Exercise prompt> Given the records below, would you repeat exactly the lines that begin at the one containing "Lululemon MacroPillow Tab" and end at the one containing "Elenco da peça agradece ao público", inclusive?

The input>
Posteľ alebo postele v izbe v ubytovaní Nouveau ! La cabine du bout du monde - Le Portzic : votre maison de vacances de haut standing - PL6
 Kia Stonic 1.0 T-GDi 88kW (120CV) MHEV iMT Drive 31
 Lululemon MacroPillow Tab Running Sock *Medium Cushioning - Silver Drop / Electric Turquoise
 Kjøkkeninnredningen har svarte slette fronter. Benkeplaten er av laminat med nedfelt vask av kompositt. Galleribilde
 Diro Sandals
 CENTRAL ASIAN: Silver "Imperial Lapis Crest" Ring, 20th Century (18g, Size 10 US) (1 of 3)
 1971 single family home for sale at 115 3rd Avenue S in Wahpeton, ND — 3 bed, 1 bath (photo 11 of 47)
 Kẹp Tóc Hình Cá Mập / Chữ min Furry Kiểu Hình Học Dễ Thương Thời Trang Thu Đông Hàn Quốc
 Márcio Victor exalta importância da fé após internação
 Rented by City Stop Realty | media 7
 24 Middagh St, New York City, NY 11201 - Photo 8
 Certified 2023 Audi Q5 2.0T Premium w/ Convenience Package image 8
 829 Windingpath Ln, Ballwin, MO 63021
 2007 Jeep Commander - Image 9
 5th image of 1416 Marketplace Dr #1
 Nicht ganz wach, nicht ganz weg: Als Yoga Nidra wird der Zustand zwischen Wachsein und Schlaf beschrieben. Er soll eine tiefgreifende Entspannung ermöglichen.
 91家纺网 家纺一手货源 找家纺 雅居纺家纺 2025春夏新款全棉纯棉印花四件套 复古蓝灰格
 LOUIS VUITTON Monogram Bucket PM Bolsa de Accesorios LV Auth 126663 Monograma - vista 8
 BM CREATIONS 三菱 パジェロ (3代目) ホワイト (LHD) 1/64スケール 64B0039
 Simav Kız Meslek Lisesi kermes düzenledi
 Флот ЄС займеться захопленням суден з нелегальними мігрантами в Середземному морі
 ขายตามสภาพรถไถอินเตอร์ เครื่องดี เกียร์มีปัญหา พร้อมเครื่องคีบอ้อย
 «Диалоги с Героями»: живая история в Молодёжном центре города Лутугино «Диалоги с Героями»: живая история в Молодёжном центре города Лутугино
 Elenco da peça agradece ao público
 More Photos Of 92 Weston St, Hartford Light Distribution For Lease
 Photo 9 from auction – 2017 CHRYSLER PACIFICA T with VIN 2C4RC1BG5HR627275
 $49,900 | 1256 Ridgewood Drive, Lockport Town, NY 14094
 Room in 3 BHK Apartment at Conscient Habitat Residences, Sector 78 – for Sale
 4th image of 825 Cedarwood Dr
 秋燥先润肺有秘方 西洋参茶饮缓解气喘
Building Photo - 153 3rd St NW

Your solution>
 Lululemon MacroPillow Tab Running Sock *Medium Cushioning - Silver Drop / Electric Turquoise
 Kjøkkeninnredningen har svarte slette fronter. Benkeplaten er av laminat med nedfelt vask av kompositt. Galleribilde
 Diro Sandals
 CENTRAL ASIAN: Silver "Imperial Lapis Crest" Ring, 20th Century (18g, Size 10 US) (1 of 3)
 1971 single family home for sale at 115 3rd Avenue S in Wahpeton, ND — 3 bed, 1 bath (photo 11 of 47)
 Kẹp Tóc Hình Cá Mập / Chữ min Furry Kiểu Hình Học Dễ Thương Thời Trang Thu Đông Hàn Quốc
 Márcio Victor exalta importância da fé após internação
 Rented by City Stop Realty | media 7
 24 Middagh St, New York City, NY 11201 - Photo 8
 Certified 2023 Audi Q5 2.0T Premium w/ Convenience Package image 8
 829 Windingpath Ln, Ballwin, MO 63021
 2007 Jeep Commander - Image 9
 5th image of 1416 Marketplace Dr #1
 Nicht ganz wach, nicht ganz weg: Als Yoga Nidra wird der Zustand zwischen Wachsein und Schlaf beschrieben. Er soll eine tiefgreifende Entspannung ermöglichen.
 91家纺网 家纺一手货源 找家纺 雅居纺家纺 2025春夏新款全棉纯棉印花四件套 复古蓝灰格
 LOUIS VUITTON Monogram Bucket PM Bolsa de Accesorios LV Auth 126663 Monograma - vista 8
 BM CREATIONS 三菱 パジェロ (3代目) ホワイト (LHD) 1/64スケール 64B0039
 Simav Kız Meslek Lisesi kermes düzenledi
 Флот ЄС займеться захопленням суден з нелегальними мігрантами в Середземному морі
 ขายตามสภาพรถไถอินเตอร์ เครื่องดี เกียร์มีปัญหา พร้อมเครื่องคีบอ้อย
 «Диалоги с Героями»: живая история в Молодёжном центре города Лутугино «Диалоги с Героями»: живая история в Молодёжном центре города Лутугино
 Elenco da peça agradece ao público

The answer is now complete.